In an example non-limiting embodiment, module 64 may identify a
program loop or other repetitive region of the code, and define
each repetition (e.g., each loop iteration) as a respective
segment. Any other suitable form of partitioning into segments, not
necessarily related to the repetitiveness of the code, can also be
used.
[0035] Invocation database 68 divides the program code into traces,
and specifies the relationships between them. Module 64 uses
invocation database 68 for choosing segments of instructions to be
processed, and instructing the pipeline to process them. Database
68 is typically stored in a suitable internal memory of the
processor. The structure and usage of database 68 is described in
detail in U.S. patent application Ser. No. 15/196,071, cited
above.
[0036] Since fetching modules 28 fetch instructions according to
branch/trace predictions, and according to traversal of invocation
database 68, instructions are generally fetched out-of-order, i.e.,
in an order that differs from the sequential order of appearance of
the instructions in the code.
[0037] In some embodiments, segment management module 64 manages
flushing of instructions that are processed by the processor
pipeline. In some embodiments, some or even all of the
functionality of module 64 may be distributed among threads 24. In
the latter embodiments, threads 24 communicate with one another and
perform flushing in a distributed manner. Example flushing
techniques are described in detail below. In various embodiments,
the techniques described herein may be carried out by segment
management module 64, or it may be distributed between module 64,
module 60 and/or other elements of the processor, e.g., hardware
coupled to threads 24. In the context of the present patent
application and in the claims, any and all processor elements that
manage the flushing of instructions is referred to collectively as
"control circuitry."
[0038] The configuration of processor 20 shown in FIG. 1 is an
example configuration that is chosen purely for the sake of
conceptual clarity. In alternative embodiments, any other suitable
processor configuration can be used. For example, parallelization
can be performed in any other suitable manner, or may be omitted
altogether. The processor may be implemented without cache or with
a different cache structure. The processor may comprise additional
elements not shown in the figure. Further alternatively, the
disclosed techniques can be carried out with processors having any
other suitable microarchitecture. As another example, it is not
mandatory that the processor perform register renaming.

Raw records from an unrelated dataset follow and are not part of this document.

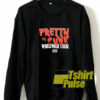 Pretty in Punk sweatshirt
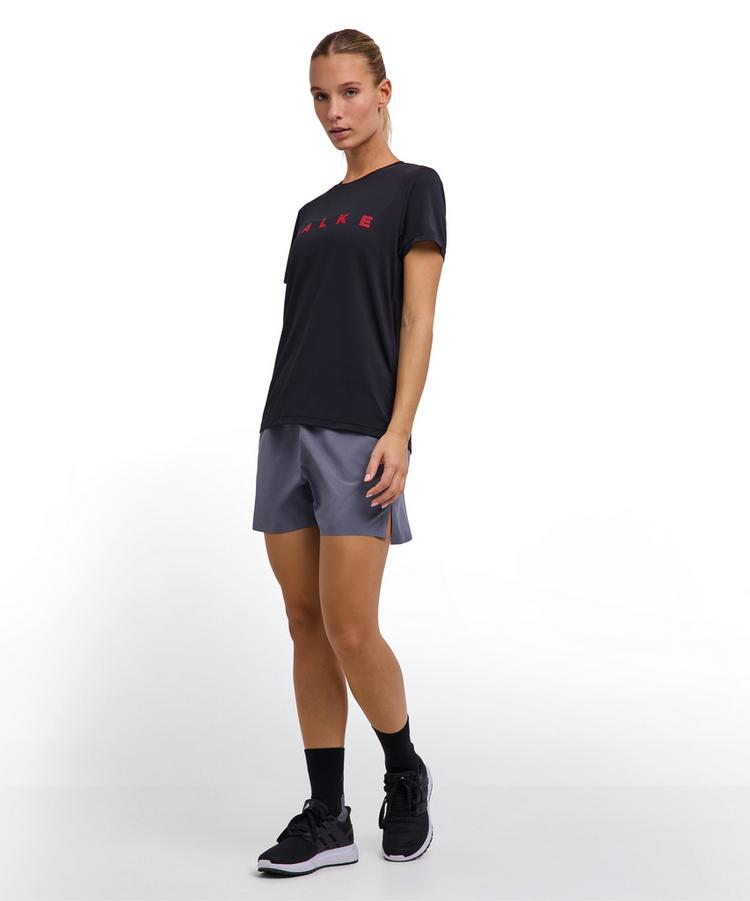 Falke Falke TR Logo T-Shirt Damen - black (3000) - 1 | SportScheck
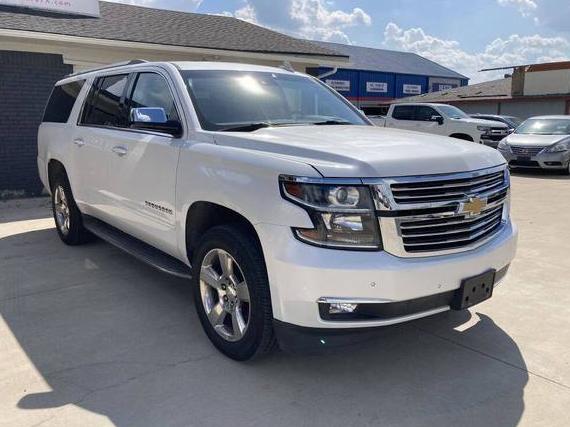 CHEVROLET SUBURBAN 2017 1GNSCJKC8HR350410 image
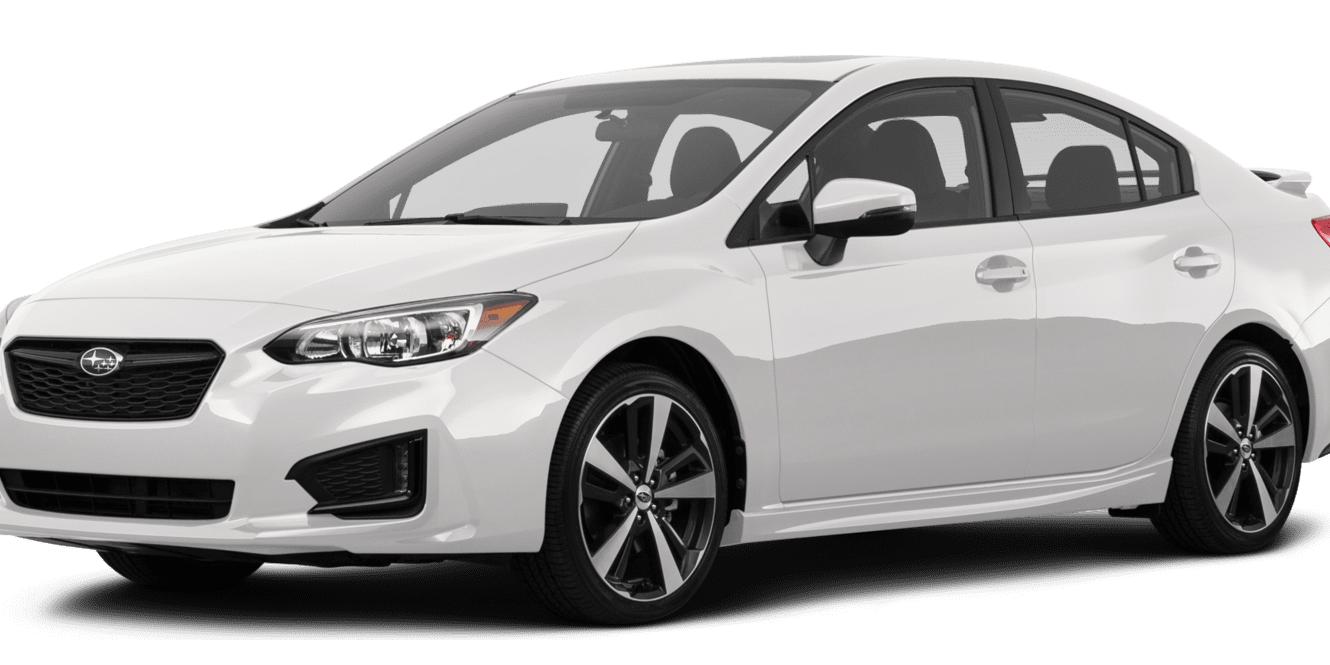 SUBARU IMPREZA 2018 4S3GKAK65J3619502 image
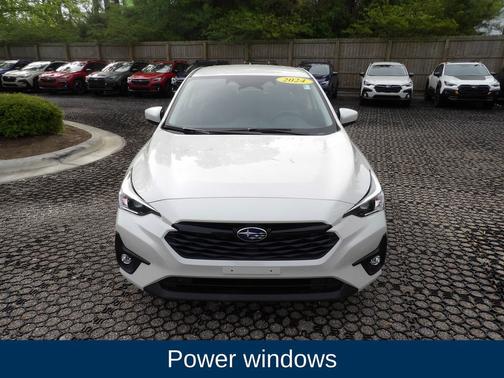 Crystal White Pearl 2024 Subaru Impreza Sport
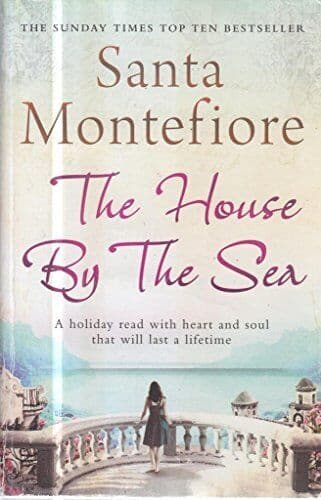 The House By the Sea Pa by Santa Montefiore Paperback Book Pre-Owned English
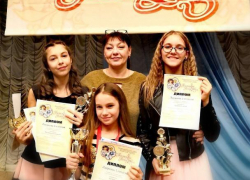 Воспитанники Дворца "ВГС" стали лауреатами международного конкурса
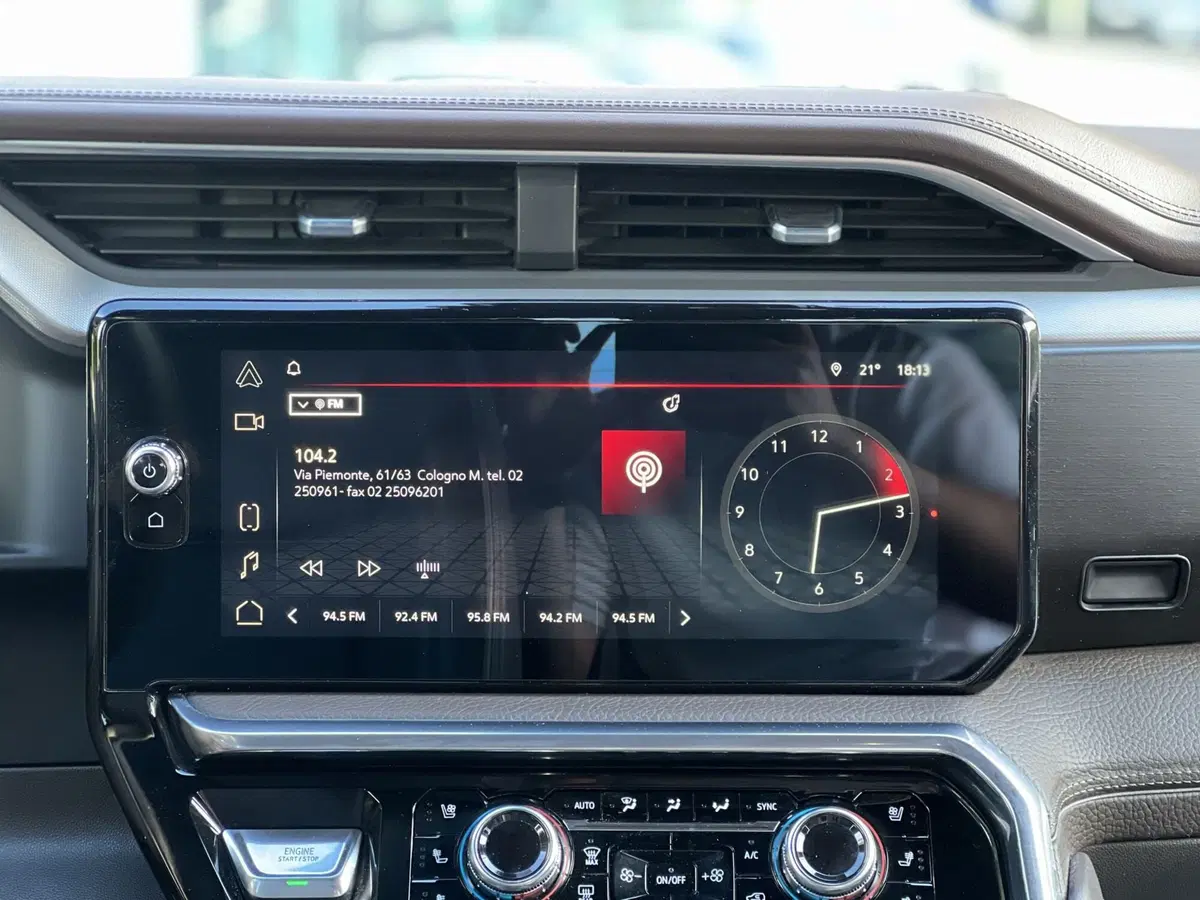 GMC Sierra usata a La Spezia (9)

[0039] Processor 20 can be implemented using any suitable hardware,
such as using one or more Application-Specific Integrated Circuits
(ASICs), Field-Programmable Gate Arrays (FPGAs) or other device
types. Additionally or alternatively, certain elements of processor
20 can be implemented using software, or using a combination of
hardware and software elements. The instruction and data cache
memories can be implemented using any suitable type of memory, such
as Random Access Memory (RAM).
[0040] Processor 20 may be programmed in software to carry out the
functions described herein. The software may be downloaded to the
processor in electronic form, over a network, for example, or it
may, alternatively or additionally, be provided and/or stored on
non-transitory tangible media, such as magnetic, optical, or
electronic memory.
Selective Flushing of Instructions Based on SEGMENT_ID
[0041] In some embodiments, segment management module 64 decides at
run-time how to divide the sequence of instructions of the program
code into segments, when to invoke the next segment or segments,
and also which hardware thread 24 is to process each segment. Based
on these decisions, module 64 invokes the appropriate segments and
distributes them to the appropriate threads for processing. Threads
24 process their assigned segments of the program code.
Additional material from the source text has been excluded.